### Strings 

Strings in Python are immutable.

### Indentation
- "  " - space
- "\t" - tabulation 
- "\n" - new line

### Strings Methods

- **str.upper( )** - uppercases all symbols
- **str.lower( )** - lowercases all symbols
- **str.capitalize( )** - capitalizes all sybmols
- **str.title( )** - titles all symbols


- **str.format( )**  - string formating
- **%s%d%f** - one more option for string formatting
- **f'{ }{ }'** - f-strings
 

- **str.index( )** - returns a symbol/word index (first appearance, from the left) 
- **str.rindex( )**  - similar to above example,except that it looks from the right
- **str.find( )**  - searches first appearance from the left
- **str.rfind( )**  - similar to above example but from the right


- **len( str )** - returns string length 
- **str.split( symbol )**  - splits a string according to provided symbol
- **join( list_of_strings )**  - creates a string according to provided delimeter
- **replace( what_replace, new_symbol )**  - replace according to provided template
- **strip( delimeter )** - deletes symbols according to a provided delimeter from the left and from the right


- **isdigit( )** - chechs if a string consists only of numbers
- **isalpha( )** - chechs if a string consists only of letters
- **isalnum( )** - chechs if a string consists of letters and numbers
- **islower( )** - chechs if a string is in lowercase
- **isupper( )** - chechs if a string is in uppercase
- **istitle( )** - chechs if a string is titled
- **isspace( )** - chechs if a string consists only of spaces


- **endswith( )** - understandable
- **startswith( )** -understandable

### Tricks
- find only unique characters (''.join(set(str) )

### Regular Expressions
Regular Expressions make the life much easier when dealing with strings preprocessing(searching, ordering, extraction). 

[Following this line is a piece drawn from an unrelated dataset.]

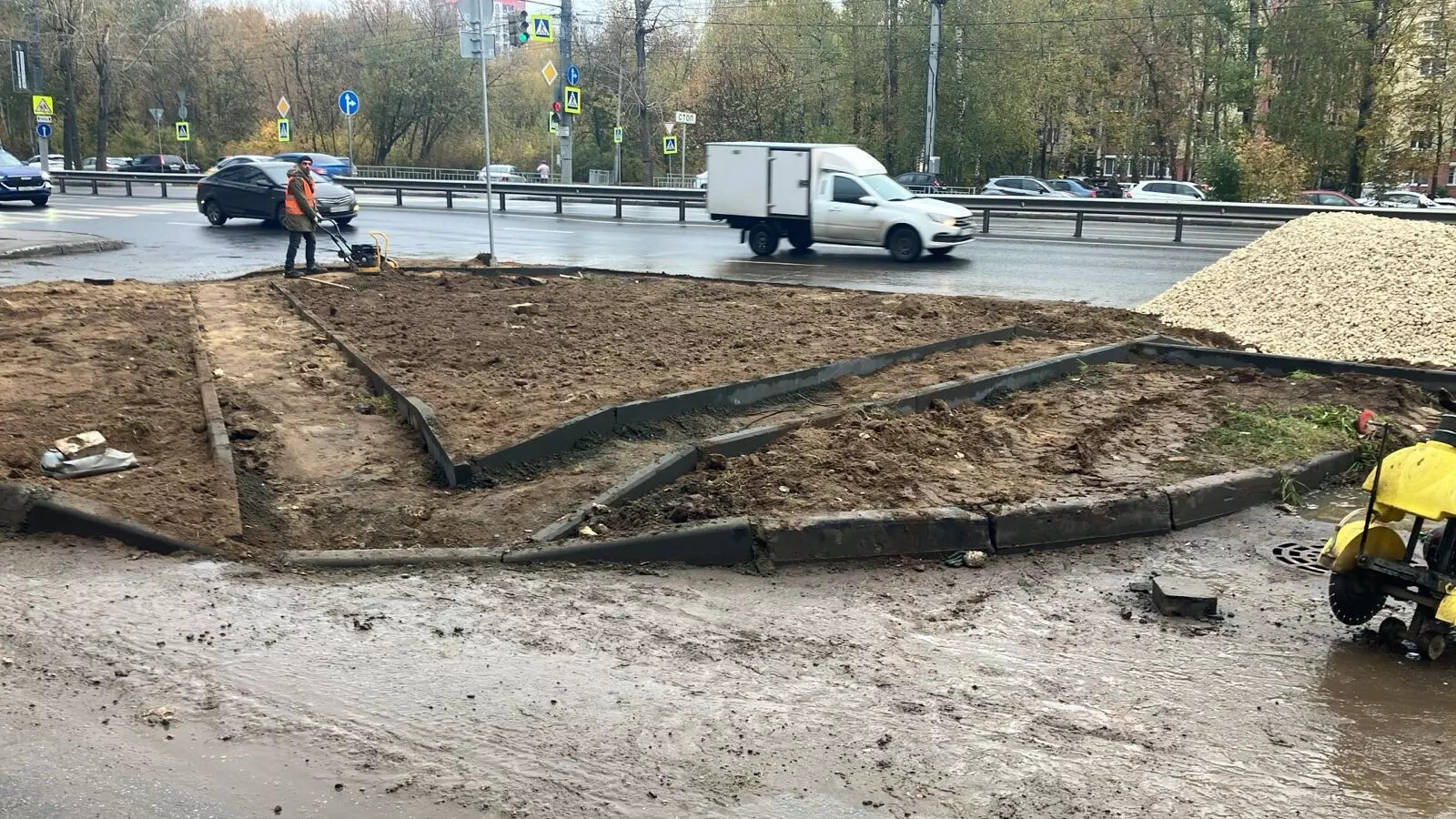 Две новые остановки введут на пересечении улиц Ванеева и Рокоссовского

They are being used for string searching and substitution. First of all we need to import a module which is called **re**

In [29]:
import re

### Main Methods
- **re.match( pattern, string )** looks for a provided pattern at the beginning of a string. If can find, returns None, otherwise **match object**


- **match_obj.group()** - returns group of found pattern
- **match_obj.start()** - returns start index of found pattern
- **match_obj.end()** - returns end index of found pattern

- **re.search( pattern, string )** - looks for a provided pattern through all string. However, returns only first found pattern. Returns **match object** 
- **re.findall( pattern, string )** - looks for a provided pattern through all string. Returns all found patterns in a string. **Returns list**
- **re.split( delimeter, string )** - splits a string according to a provided delimeter. **Maxsplit** determines num of splits
- **re.sub( old_word, new_word, string )** - substitute a word or symbol with a new word or symbol in the whole string.
- **re.compile(pattern, repl, string)** - creates a regular expression object which then can be used for searching.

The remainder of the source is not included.